## DATA EXTRACT
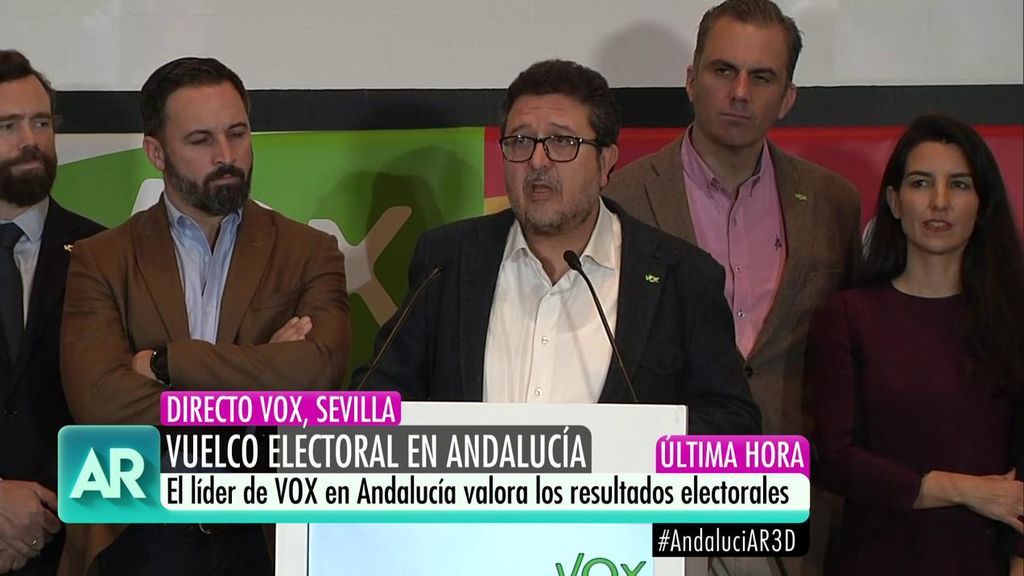 Francisco Serrano, líder de Vox Andalucía: "Somos el partido del cambio verdadero"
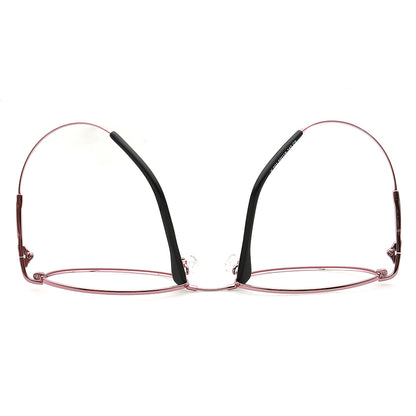 Darcy |  Womens Flexible Memory Metal Oval Glasses Frames
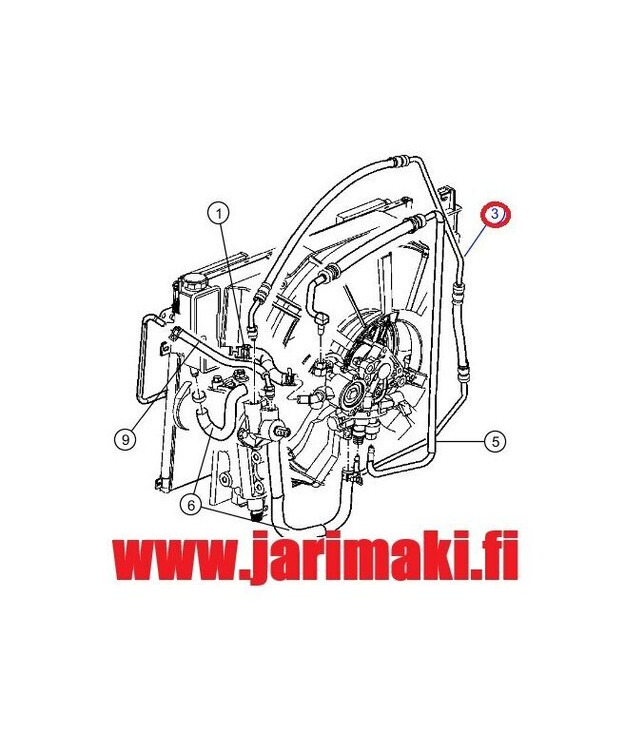 Ohjaustehostimen paineputki Jeep Grand Cherokee 2.7CRD 2002-2004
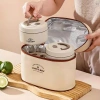 Hộp cơm giữ nhiệt Inox 304 4 hộp và 3 hộp lòng, tặng thìa đũa, túi cách nhiệt - Giá 26.500 VND 8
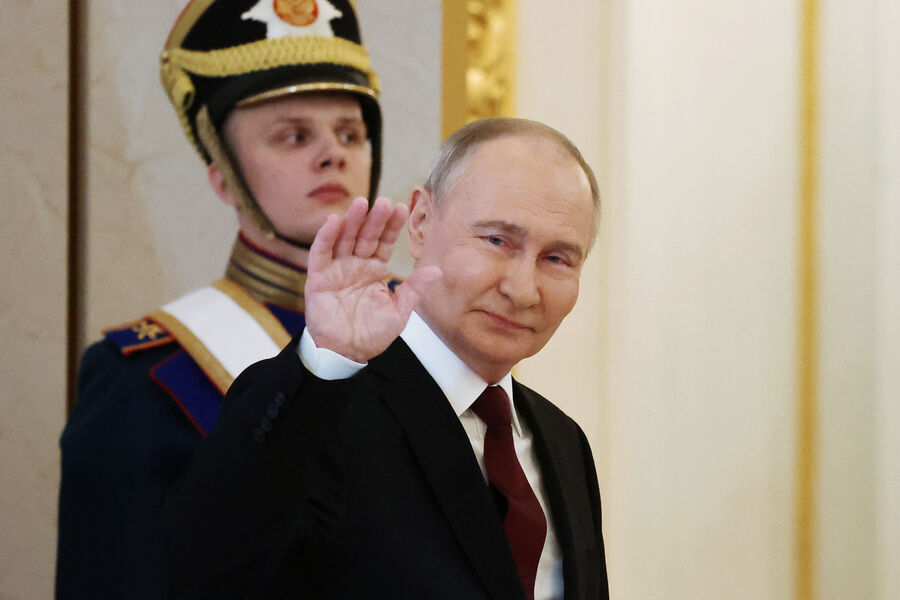 Избранный президент РФ Владимир Путин на&nbsp;церемонии инаугурации в&nbsp;Кремле, 7&nbsp;мая 2024&nbsp;года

## ABOUT THIS TASK
Copy all the material exactly; omit images.

## TASK SOLUTION
 Francisco Serrano, líder de Vox Andalucía: "Somos el partido del cambio verdadero"
 Darcy |  Womens Flexible Memory Metal Oval Glasses Frames
 Ohjaustehostimen paineputki Jeep Grand Cherokee 2.7CRD 2002-2004
 Hộp cơm giữ nhiệt Inox 304 4 hộp và 3 hộp lòng, tặng thìa đũa, túi cách nhiệt - Giá 26.500 VND 8
 Избранный президент РФ Владимир Путин на&nbsp;церемонии инаугурации в&nbsp;Кремле, 7&nbsp;мая 2024&nbsp;года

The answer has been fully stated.